- **Your goal**:
Your reply should be the whole listing, copied exactly, with the pictures left out.

- **Data shown**:
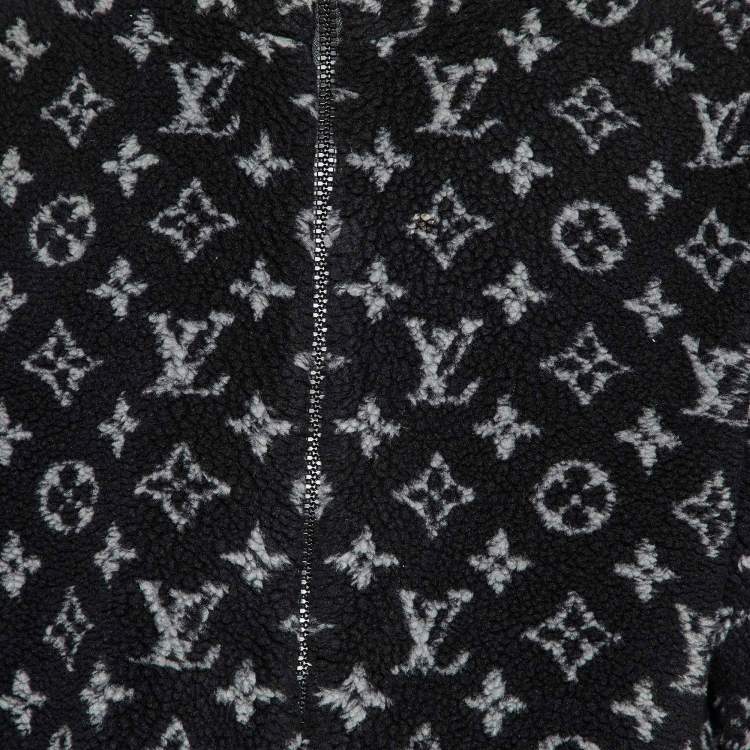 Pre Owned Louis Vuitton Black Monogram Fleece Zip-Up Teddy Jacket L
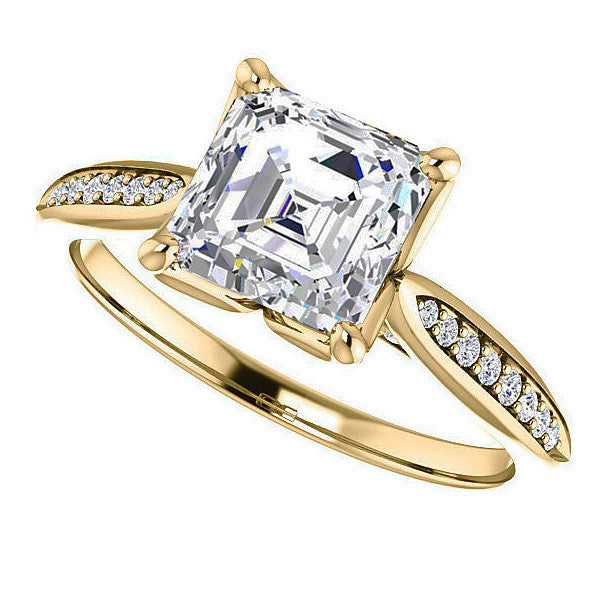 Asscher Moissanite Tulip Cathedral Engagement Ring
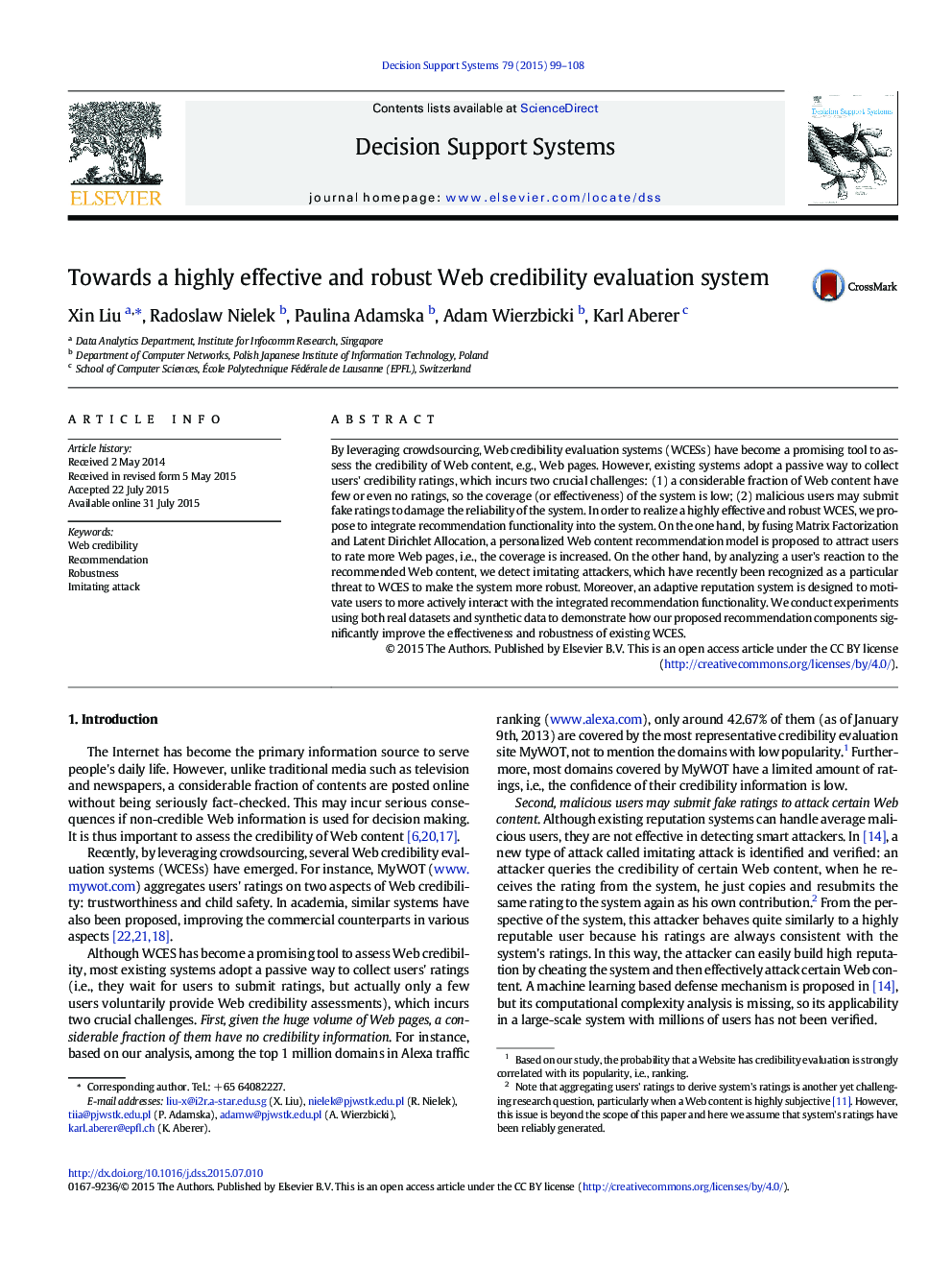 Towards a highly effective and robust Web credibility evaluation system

- **Solution to this problem**:
 Pre Owned Louis Vuitton Black Monogram Fleece Zip-Up Teddy Jacket L
 Asscher Moissanite Tulip Cathedral Engagement Ring
 Towards a highly effective and robust Web credibility evaluation system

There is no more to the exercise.